There is no overstating the magnitude of the crisis. According to Mercy Corps, more than 4.7 million Syrian refugees are now in neighboring countries. In Lebanon to the west, one in five people is a Syrian refugee. In Jordan to the south, it’s one in 13. Nearly 1 million have applied for asylum in Europe, and more than 13.5 million people are still in need of assistance inside Syria. In all, more than 11 million people have either been killed or forced to flee their homes — that’s half of the country’s pre-war population. United Nations Secretary General Ban Ki-Moon has called it “the biggest refugee and displacement crisis of our time.” 

Michigan alone has received nearly 400 refugees since the start of 2015, with the vast majority of them settling in southeast Michigan communities such as Madison Heights. Many of them risk life and limb getting here, driven by the hope that other Syrians in town will give them a sense of community and support once they arrive.
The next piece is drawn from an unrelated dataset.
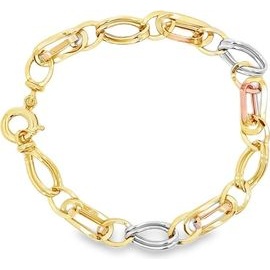 18K Three-Tone Gold Mixed Oval and Rectangular Link Bracelet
Through it all, the Syrian American Rescue Network (SARN) has been trying to help them find their footing in this new land. And their needs are many, said Patrick McLean, a SARN board member and director of the Gerald Ford Institute for Leadership in Public Policy and Service at Albion College. 
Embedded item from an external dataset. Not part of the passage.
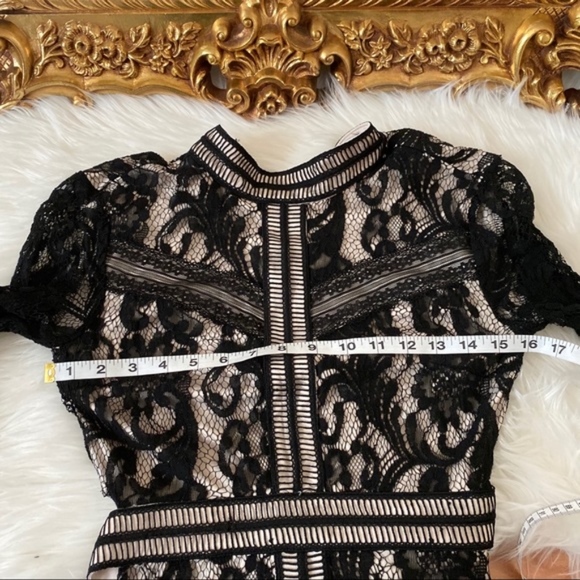 Black & Tan Sexy Backless Lace Cocktail Dress - Picture 5 of 5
“We do everything we can to fill those needs, which range from emotional and physical health, to education, to finding a place to live, to transportation, to finding furniture and household necessities — the very basics, since refugees often arrive with little more than the clothing on their backs,” McLean said. “In most cases, they come with some assistance because of their refugee designation through the federal government. But our goal is to get them as self-sufficient as possible.”
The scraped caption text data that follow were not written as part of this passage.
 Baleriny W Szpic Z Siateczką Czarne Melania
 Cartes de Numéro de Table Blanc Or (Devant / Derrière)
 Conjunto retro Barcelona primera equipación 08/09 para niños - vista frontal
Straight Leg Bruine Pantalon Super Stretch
Few people work harder than the average refugee, he added. It’s not uncommon to come across a refugee who was highly trained and qualified in their homeland — a doctor, for instance — but here in America they have to start over as they get recertified, learn the new language and more. 

“Refugees tend to be highly motivated,” McLean said. “Many of the ones we work with are highly skilled, but they need language training and their credentials are not automatically transferable. So we work with them to start over. That’s a challenge handled on a case-by-case basis. A further challenge with Syrian refugees is they may not have the paperwork, and there’s no way to go back to Syria to get evidence of the credential they earned.”

The fact that they’re willing to move here despite the hardships just underscores how dire the situation is back in their home country, he said.

“Personal safety is the main reason they come here,” McLean said. “They don’t feel safe, and they aren’t safe in their homes or going out from their homes (in Syria). They live in cities that have been utterly devastated, and they live with the constant threat of having bombs dropped on them, bombs the regime has used that kill people indiscriminately. At some point, one realizes they’re not safe in their homes, and they’re willing to risk it all to find safety for their families.”

But SARN can’t help the refugees alone. It needs the help of people in the community to provide the resources the refugees need. These can range from monetary donations to physical goods.

On May 21, SARN held a fundraiser at the Balkan American Community Center in Troy, attended by nearly 400 people. Among them was Madison Heights City Councilman David Soltis, who spearheaded the Multicultural Relations Advisory Board in Madison Heights. He has been trying to better understand the needs of the city’s growing refugee population.

“What’s happening in Syria is the humanitarian crisis of our lifetime so far, and it’s not being taken as seriously and empathetically as it should be,” Soltis said. “There is misinformation out there, and bigotry and stereotypes that scare people and prey upon their fears. It happened with the Italians, Irish and other Eastern European people when they came over back in the day, and it happens now (with Middle Eastern immigrants).”

The focus, he said, should be on helping one’s fellow man.

“We need to talk to these refugees and find out what they need,” Soltis said. “We need to find out what we can do to help them through some difficult times. I feel like our Multicultural Relations Advisory Board has an incredible opportunity to reach out and do just that.”

SARN believes that increased awareness is part of the answer.

“I think it starts with empathy,” McLean said. “Hopefully, people will educate themselves and realize where these refugees have come from and what they’ve faced. And hopefully, people will open up their hearts and minds, and greet these refugees and welcome them into the community.”